The order clearly identified the plot as a water body.

It also included the statement of the land revenue commissioner saying the government should examine its recommendation to construct houses on the plot in light of the Supreme Court’s judgement of 2005, in connection with another case, where it declared that water bodies must be protected by the State.

In response, the government secretary, who wrote the order, addressed the concerns of the land revenue commissioner with this logic: “As the Supreme Court…has ordered that since such areas are water bodies, encroachments should be removed and such lands should not be used for other purposes.”

The secretary added, “The land can be given to journalists only after the classification of such lands is changed to natham.”

But the high court said it didn’t appreciate this kind of mechanical reclassification of wetlands to achieve other objectives, reported The Hindu.

In the courts since 2008

This is not the first time the court has stepped in to stop construction on the same lake.

In 2008, L Shawnavazkhan, who was then a journalist with Headlines Today, went through a copy of the government order granting subsidised housing to 57 journalists of the Trichy Press Club in Kottapattu. It mentioned a market price of Rs 176 per square foot, which the government had brought down to Rs 25 per square foot.

Shawnavazkhan belonged to another community of journalists in the city – the Trichy District Press Club. None of them were listed as recipients of the subsidised plots.

Unhappy with what he viewed as an unfair selection of beneficiaries, Shawnavazkhan, along with the Tamil Nadu Union of Journalists, filed a petition in the high court’s Madurai bench, asking it to scrap the government order and examine the list of beneficiaries for genuineness. Three months later, the court ordered a stay on construction till the next hearing.

This was scheduled for June 2016. But the hearing coincided with an agitation by lawyers that disrupted the functioning of courts in Chennai and Madurai.

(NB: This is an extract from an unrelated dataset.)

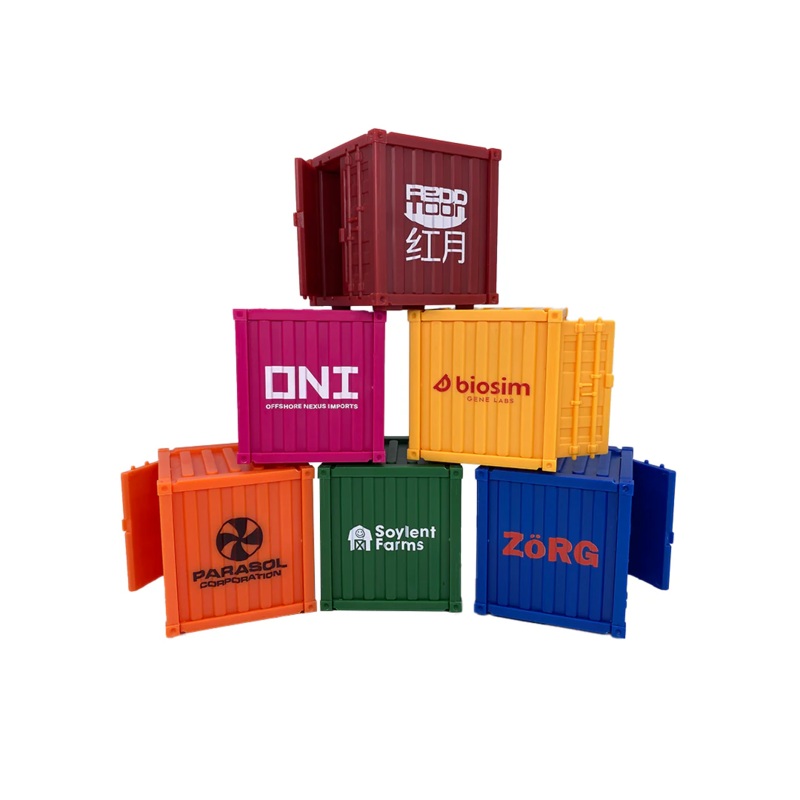 10′ CARGO CONTAINERS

Amidst this chaos, the petitioner’s lawyer did not show up in court, and the case was dismissed.

Deliberate subversion of law?

For the residents of Kottapattu and activists, the issue is not the Tamil Nadu government’s allegedly biased allotment of housing plots to a certain section of journalists, or the fact that it is giving these away at astonishingly cheap rates.

What bothers them is what they call a deliberate reclassification of a water body into land that can be used for development purposes.

Tiruchi District Collector KS Palanisamy begged to differ. “Actually, it [Periyakulam] is not a water body,” he said. “It was made into a natham and handed over to a group of journalists.”

The members of the Tiruchi Press Club also denied these charges. "Some of the social media activists instigated by a few disgruntled journalists of Tiruchi were trying to kick up a row making false allegations against the Tiruchi Press Club and its members," said the Executive Committee of the Tiruchi Press Club in its statement to the press. "The land allotted for journalists was converted as a natham poromboke in the 1998."

This directly contradicts the stance taken by the Tiruchi corporation in 2010. In response to Shawnavazkhan’s query under the Right to Information Act, the corporation said, “We cannot give permission to construct here because this is government land.”

The debate continues. But for now, the residents of Kottapattu can breathe easy. “At least for now, all of us are in a festive mood,” said Balasubramaniam. “If a colony came up on this lake, our entire neighbourhood would be flooded.”